At the crossroads of cultures

The fifth Wild Mint festival of world music. Source: Kommersant

The fifth Wild Mint festival of world music. Source: Kommersant

The fifth Wild Mint festival of world music gathered together more than 10,000 fans at the Ethnomir center in the Kaluga region.

The fifth Wild Mint festival of world music. Source:Kommersant

Eventually, the snow does melt in Russia, and the arrival of spring brings open-air festivals. The unpredictability of the climate does complicate things a bit, but the hardy Russian spectator is not afraid. This year, the fifth annual Wild Mint summer festival of world music attracted more than 10,000 spectators despite the rain, hail, and generally un-summery weather.
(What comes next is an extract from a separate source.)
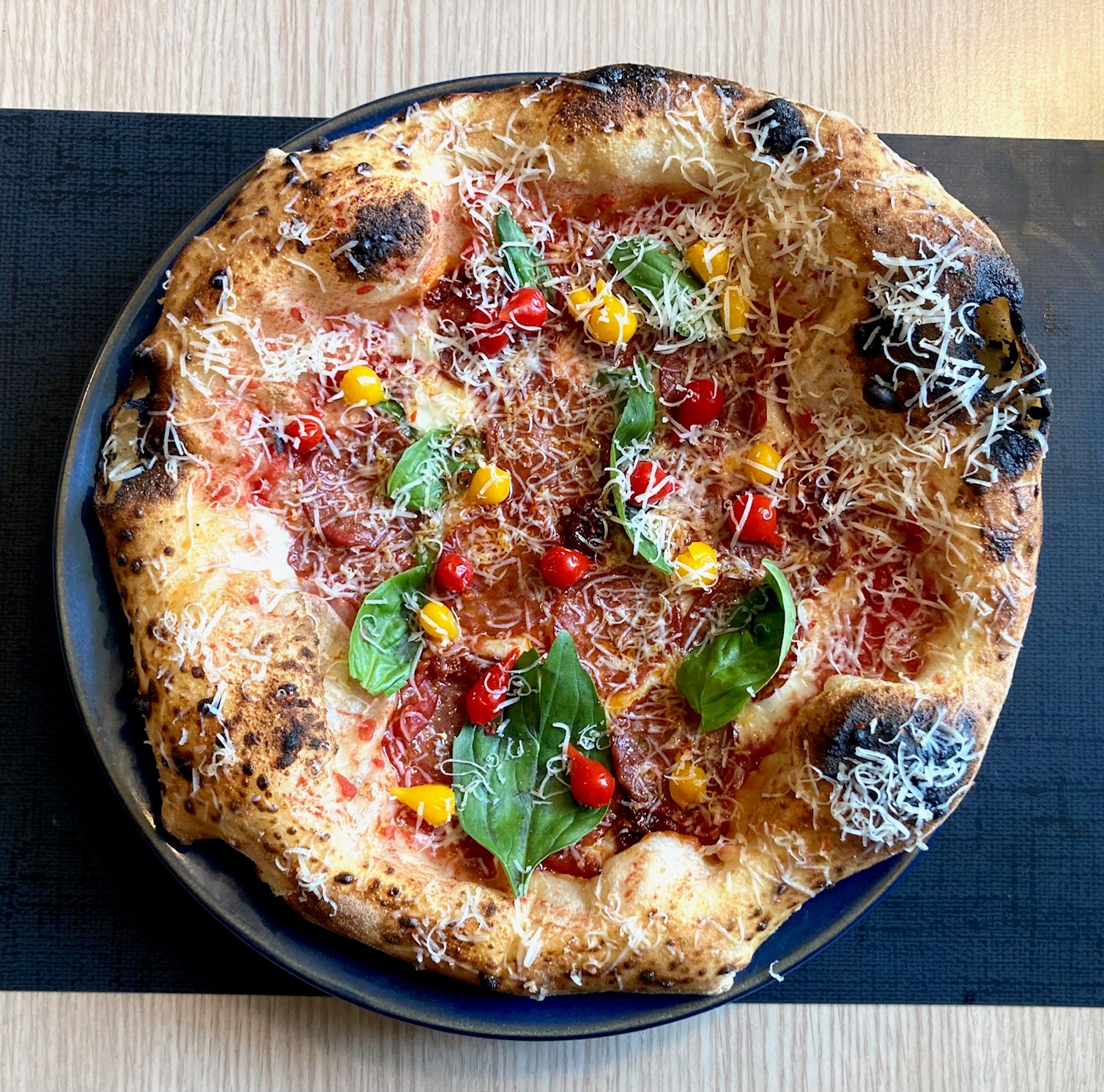 Ponovno sam bio u poznatoj zagrebačkoj pizzeriji. Tijesto im je sad doslovno savršeno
For the fifth anniversary of Wild Mint, the festival was held a place that organizers believe best corresponds to the spirit of the event – the Ethnomir Cultural-Educational Center in the Kaluga Region. Perhaps the most unusual hotel complex in Russia, Ethnomir offers visitors the opportunity to spend the night in an ancient Ural hut, a yurt, or a tent, which are the traditional dwellings of the peoples of Siberia and the Far East. Guests can also meet representatives of native groups living in Russia, dance the dance of the reindeer herders, and savor traditional cuisine. Ethnomir also boasts the world's largest Russian stove, which can accommodate several people.

"Wild Mint" folk music festival from Russia Beyond The Headlines on Vimeo.

During the festival, the entire Kaluga region was transformed into a multinational settlement. Fifty musicians from 10 countries delighted Wild Mint guests with Latin American tunes, Russian melodies, Serbo-Gypsy dancing and African rap.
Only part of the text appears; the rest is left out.